**Your assignment:**
Once you have read the records below, print them again exactly as they stand.

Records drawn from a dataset
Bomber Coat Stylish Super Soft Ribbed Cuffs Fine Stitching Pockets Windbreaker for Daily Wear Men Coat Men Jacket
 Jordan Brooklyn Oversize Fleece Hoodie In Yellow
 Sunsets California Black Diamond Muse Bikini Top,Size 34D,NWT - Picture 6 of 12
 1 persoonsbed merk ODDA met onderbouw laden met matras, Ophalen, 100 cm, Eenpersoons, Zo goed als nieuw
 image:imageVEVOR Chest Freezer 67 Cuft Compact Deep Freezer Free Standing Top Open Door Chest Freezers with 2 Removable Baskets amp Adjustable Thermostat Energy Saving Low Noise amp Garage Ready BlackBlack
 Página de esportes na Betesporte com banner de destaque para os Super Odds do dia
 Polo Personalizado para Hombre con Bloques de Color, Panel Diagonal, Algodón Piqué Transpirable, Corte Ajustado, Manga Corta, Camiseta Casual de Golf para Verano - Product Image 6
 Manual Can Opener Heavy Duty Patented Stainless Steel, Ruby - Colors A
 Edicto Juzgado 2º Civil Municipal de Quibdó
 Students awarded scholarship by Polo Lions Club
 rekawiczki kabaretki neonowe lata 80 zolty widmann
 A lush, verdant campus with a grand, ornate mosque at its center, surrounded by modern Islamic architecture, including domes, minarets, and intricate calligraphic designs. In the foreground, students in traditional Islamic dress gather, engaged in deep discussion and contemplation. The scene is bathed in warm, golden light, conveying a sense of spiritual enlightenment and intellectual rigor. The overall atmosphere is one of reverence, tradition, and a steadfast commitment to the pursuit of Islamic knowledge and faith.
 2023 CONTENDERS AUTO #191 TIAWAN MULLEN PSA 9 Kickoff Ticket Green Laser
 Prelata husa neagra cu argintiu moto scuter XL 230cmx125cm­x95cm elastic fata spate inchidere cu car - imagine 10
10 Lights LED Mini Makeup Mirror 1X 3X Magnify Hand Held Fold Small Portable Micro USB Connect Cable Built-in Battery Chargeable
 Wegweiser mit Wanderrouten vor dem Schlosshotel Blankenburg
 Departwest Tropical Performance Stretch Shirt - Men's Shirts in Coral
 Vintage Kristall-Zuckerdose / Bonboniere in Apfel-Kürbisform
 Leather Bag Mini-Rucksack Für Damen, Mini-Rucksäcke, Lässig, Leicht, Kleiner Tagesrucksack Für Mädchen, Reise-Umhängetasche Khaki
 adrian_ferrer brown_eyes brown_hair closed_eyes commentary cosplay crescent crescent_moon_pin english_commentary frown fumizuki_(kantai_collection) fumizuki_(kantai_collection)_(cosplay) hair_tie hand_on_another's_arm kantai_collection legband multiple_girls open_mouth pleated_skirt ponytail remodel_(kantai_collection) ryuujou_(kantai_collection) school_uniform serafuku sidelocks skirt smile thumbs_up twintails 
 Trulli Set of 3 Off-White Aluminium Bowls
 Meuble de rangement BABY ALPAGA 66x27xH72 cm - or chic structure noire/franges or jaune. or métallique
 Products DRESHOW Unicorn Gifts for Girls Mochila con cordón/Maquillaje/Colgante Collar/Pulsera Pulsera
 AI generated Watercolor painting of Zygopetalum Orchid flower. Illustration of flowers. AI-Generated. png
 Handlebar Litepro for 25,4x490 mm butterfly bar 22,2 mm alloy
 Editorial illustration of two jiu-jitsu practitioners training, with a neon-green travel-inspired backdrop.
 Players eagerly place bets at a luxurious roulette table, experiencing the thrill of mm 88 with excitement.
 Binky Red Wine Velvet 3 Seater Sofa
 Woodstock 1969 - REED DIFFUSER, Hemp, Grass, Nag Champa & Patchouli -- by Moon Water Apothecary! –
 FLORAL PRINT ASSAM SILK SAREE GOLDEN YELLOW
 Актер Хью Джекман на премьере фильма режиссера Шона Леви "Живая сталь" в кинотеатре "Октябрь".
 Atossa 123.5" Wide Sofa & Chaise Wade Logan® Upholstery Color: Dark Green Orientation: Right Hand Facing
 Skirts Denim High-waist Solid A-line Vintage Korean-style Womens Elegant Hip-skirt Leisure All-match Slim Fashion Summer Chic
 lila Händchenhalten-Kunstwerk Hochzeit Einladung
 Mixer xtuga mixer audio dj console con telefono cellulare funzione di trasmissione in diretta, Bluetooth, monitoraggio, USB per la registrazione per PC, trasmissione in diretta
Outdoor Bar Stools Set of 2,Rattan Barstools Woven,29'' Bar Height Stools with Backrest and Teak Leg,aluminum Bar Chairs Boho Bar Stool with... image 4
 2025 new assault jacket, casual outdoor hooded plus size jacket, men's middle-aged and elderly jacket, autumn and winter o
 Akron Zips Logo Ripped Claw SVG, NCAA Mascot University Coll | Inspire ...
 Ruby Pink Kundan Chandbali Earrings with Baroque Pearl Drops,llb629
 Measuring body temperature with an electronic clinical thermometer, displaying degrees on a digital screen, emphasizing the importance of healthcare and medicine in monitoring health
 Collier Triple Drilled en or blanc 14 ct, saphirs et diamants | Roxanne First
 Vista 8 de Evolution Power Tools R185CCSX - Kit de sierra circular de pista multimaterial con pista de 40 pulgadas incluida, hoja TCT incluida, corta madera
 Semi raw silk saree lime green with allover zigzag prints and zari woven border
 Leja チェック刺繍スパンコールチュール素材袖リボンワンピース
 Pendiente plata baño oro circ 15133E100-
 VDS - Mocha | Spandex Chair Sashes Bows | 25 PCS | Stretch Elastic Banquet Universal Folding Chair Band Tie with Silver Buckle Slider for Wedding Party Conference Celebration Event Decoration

**Expected answer:**
Bomber Coat Stylish Super Soft Ribbed Cuffs Fine Stitching Pockets Windbreaker for Daily Wear Men Coat Men Jacket
 Jordan Brooklyn Oversize Fleece Hoodie In Yellow
 Sunsets California Black Diamond Muse Bikini Top,Size 34D,NWT - Picture 6 of 12
 1 persoonsbed merk ODDA met onderbouw laden met matras, Ophalen, 100 cm, Eenpersoons, Zo goed als nieuw
 image:imageVEVOR Chest Freezer 67 Cuft Compact Deep Freezer Free Standing Top Open Door Chest Freezers with 2 Removable Baskets amp Adjustable Thermostat Energy Saving Low Noise amp Garage Ready BlackBlack
 Página de esportes na Betesporte com banner de destaque para os Super Odds do dia
 Polo Personalizado para Hombre con Bloques de Color, Panel Diagonal, Algodón Piqué Transpirable, Corte Ajustado, Manga Corta, Camiseta Casual de Golf para Verano - Product Image 6
 Manual Can Opener Heavy Duty Patented Stainless Steel, Ruby - Colors A
 Edicto Juzgado 2º Civil Municipal de Quibdó
 Students awarded scholarship by Polo Lions Club
 rekawiczki kabaretki neonowe lata 80 zolty widmann
 A lush, verdant campus with a grand, ornate mosque at its center, surrounded by modern Islamic architecture, including domes, minarets, and intricate calligraphic designs. In the foreground, students in traditional Islamic dress gather, engaged in deep discussion and contemplation. The scene is bathed in warm, golden light, conveying a sense of spiritual enlightenment and intellectual rigor. The overall atmosphere is one of reverence, tradition, and a steadfast commitment to the pursuit of Islamic knowledge and faith.
 2023 CONTENDERS AUTO #191 TIAWAN MULLEN PSA 9 Kickoff Ticket Green Laser
 Prelata husa neagra cu argintiu moto scuter XL 230cmx125cm­x95cm elastic fata spate inchidere cu car - imagine 10
10 Lights LED Mini Makeup Mirror 1X 3X Magnify Hand Held Fold Small Portable Micro USB Connect Cable Built-in Battery Chargeable
 Wegweiser mit Wanderrouten vor dem Schlosshotel Blankenburg
 Departwest Tropical Performance Stretch Shirt - Men's Shirts in Coral
 Vintage Kristall-Zuckerdose / Bonboniere in Apfel-Kürbisform
 Leather Bag Mini-Rucksack Für Damen, Mini-Rucksäcke, Lässig, Leicht, Kleiner Tagesrucksack Für Mädchen, Reise-Umhängetasche Khaki
 adrian_ferrer brown_eyes brown_hair closed_eyes commentary cosplay crescent crescent_moon_pin english_commentary frown fumizuki_(kantai_collection) fumizuki_(kantai_collection)_(cosplay) hair_tie hand_on_another's_arm kantai_collection legband multiple_girls open_mouth pleated_skirt ponytail remodel_(kantai_collection) ryuujou_(kantai_collection) school_uniform serafuku sidelocks skirt smile thumbs_up twintails 
 Trulli Set of 3 Off-White Aluminium Bowls
 Meuble de rangement BABY ALPAGA 66x27xH72 cm - or chic structure noire/franges or jaune. or métallique
 Products DRESHOW Unicorn Gifts for Girls Mochila con cordón/Maquillaje/Colgante Collar/Pulsera Pulsera
 AI generated Watercolor painting of Zygopetalum Orchid flower. Illustration of flowers. AI-Generated. png
 Handlebar Litepro for 25,4x490 mm butterfly bar 22,2 mm alloy
 Editorial illustration of two jiu-jitsu practitioners training, with a neon-green travel-inspired backdrop.
 Players eagerly place bets at a luxurious roulette table, experiencing the thrill of mm 88 with excitement.
 Binky Red Wine Velvet 3 Seater Sofa
 Woodstock 1969 - REED DIFFUSER, Hemp, Grass, Nag Champa & Patchouli -- by Moon Water Apothecary! –
 FLORAL PRINT ASSAM SILK SAREE GOLDEN YELLOW
 Актер Хью Джекман на премьере фильма режиссера Шона Леви "Живая сталь" в кинотеатре "Октябрь".
 Atossa 123.5" Wide Sofa & Chaise Wade Logan® Upholstery Color: Dark Green Orientation: Right Hand Facing
 Skirts Denim High-waist Solid A-line Vintage Korean-style Womens Elegant Hip-skirt Leisure All-match Slim Fashion Summer Chic
 lila Händchenhalten-Kunstwerk Hochzeit Einladung
 Mixer xtuga mixer audio dj console con telefono cellulare funzione di trasmissione in diretta, Bluetooth, monitoraggio, USB per la registrazione per PC, trasmissione in diretta
Outdoor Bar Stools Set of 2,Rattan Barstools Woven,29'' Bar Height Stools with Backrest and Teak Leg,aluminum Bar Chairs Boho Bar Stool with... image 4
 2025 new assault jacket, casual outdoor hooded plus size jacket, men's middle-aged and elderly jacket, autumn and winter o
 Akron Zips Logo Ripped Claw SVG, NCAA Mascot University Coll | Inspire ...
 Ruby Pink Kundan Chandbali Earrings with Baroque Pearl Drops,llb629
 Measuring body temperature with an electronic clinical thermometer, displaying degrees on a digital screen, emphasizing the importance of healthcare and medicine in monitoring health
 Collier Triple Drilled en or blanc 14 ct, saphirs et diamants | Roxanne First
 Vista 8 de Evolution Power Tools R185CCSX - Kit de sierra circular de pista multimaterial con pista de 40 pulgadas incluida, hoja TCT incluida, corta madera
 Semi raw silk saree lime green with allover zigzag prints and zari woven border
 Leja チェック刺繍スパンコールチュール素材袖リボンワンピース
 Pendiente plata baño oro circ 15133E100-
 VDS - Mocha | Spandex Chair Sashes Bows | 25 PCS | Stretch Elastic Banquet Universal Folding Chair Band Tie with Silver Buckle Slider for Wedding Party Conference Celebration Event Decoration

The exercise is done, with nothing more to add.